You’d think that an alien had taken me over and that a different girl was writing blogs if I didn’t throw you the odd rollercoaster. Things have been very happier and steadier for a while, but the last two weeks have been very VERY up and down. Its amazing what unexpected things affect me. My gender issues always leave me in a volatile place I guess anyway. I’m prone to undulating bouts of dysphoric misery. But when negative stuff happens around me, I guess it triggers unhappiness too. No-one’s fault - its my issue to deal with, but certain things have made me sad. Sad and me (and diets in particular, I’m finding) don’t mix well.

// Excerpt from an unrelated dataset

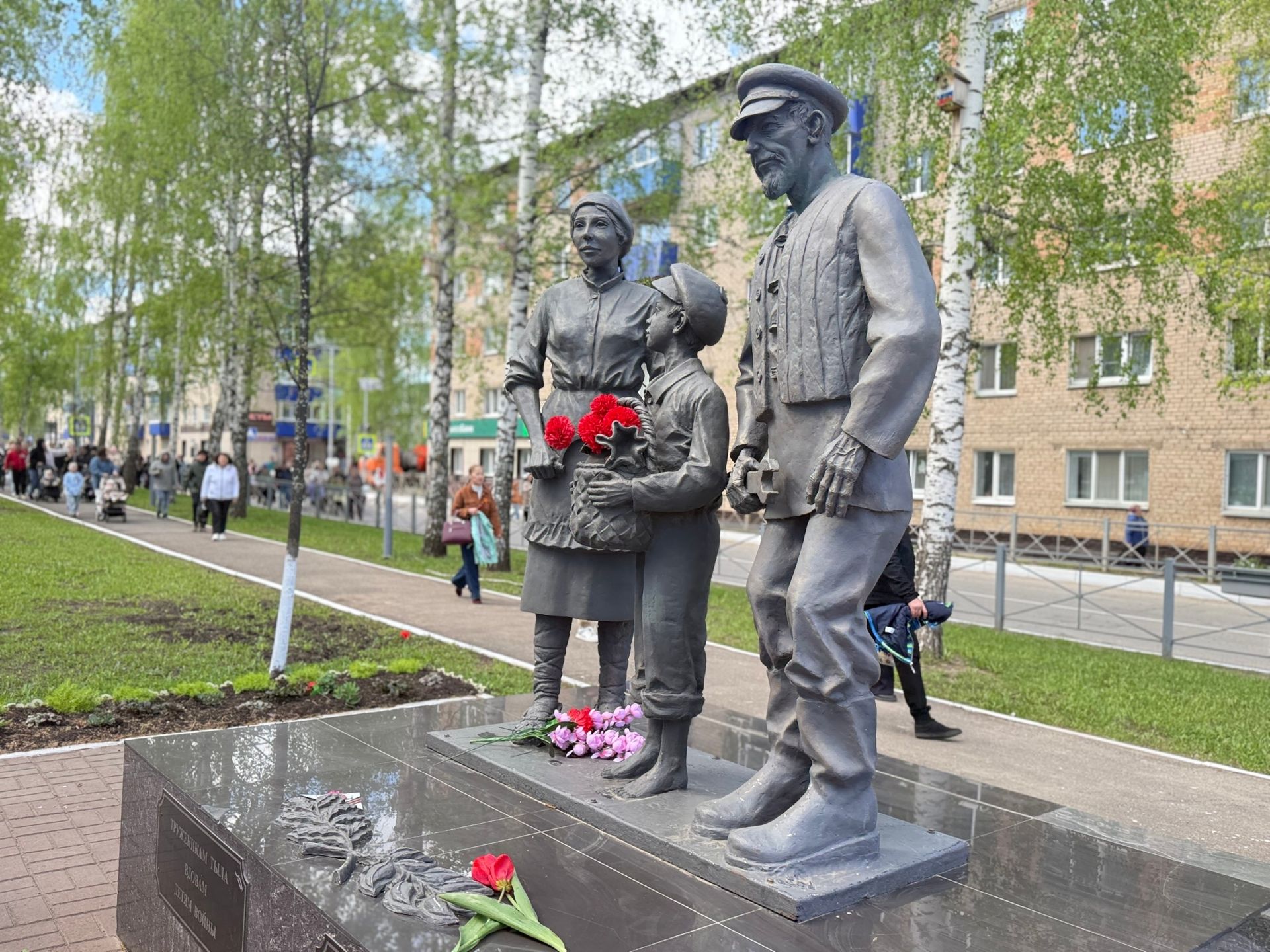 Праздничная колонна прошла по аллее Героев в Менделеевске в День Победы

Someone who I’ve felt very close to of late has been having a hard time, also through no fault of their own, although I think they feel like it is. Horrible position for them to be in and its caused me to feel down on their behalf. Combine this with an odd conversation where I, probably wrongly, got the impression that people in my life feel that hiding my thoughts on transition from Mrs A is a really awful thing to do and I got in a funk about it. I think I’m open to feedback, but that hit me absolutely for six (or out of the park in a bad way?). There was almost the sense that others are getting uncomfortable about being a party to my hiding of Rhiannon away from my family and being careful about who knows what about me. I can understand that, I’ve been living by lying and hiding for 42 years, so I’m used to it. It makes me feel awful that I put anyone under any strain by telling them my secret. I felt that maybe my reaching out for support among my friends isn’t the best idea in the world for some people. Add on top that its been a very busy and challenging time at work with lots going on and major travelling and…so on...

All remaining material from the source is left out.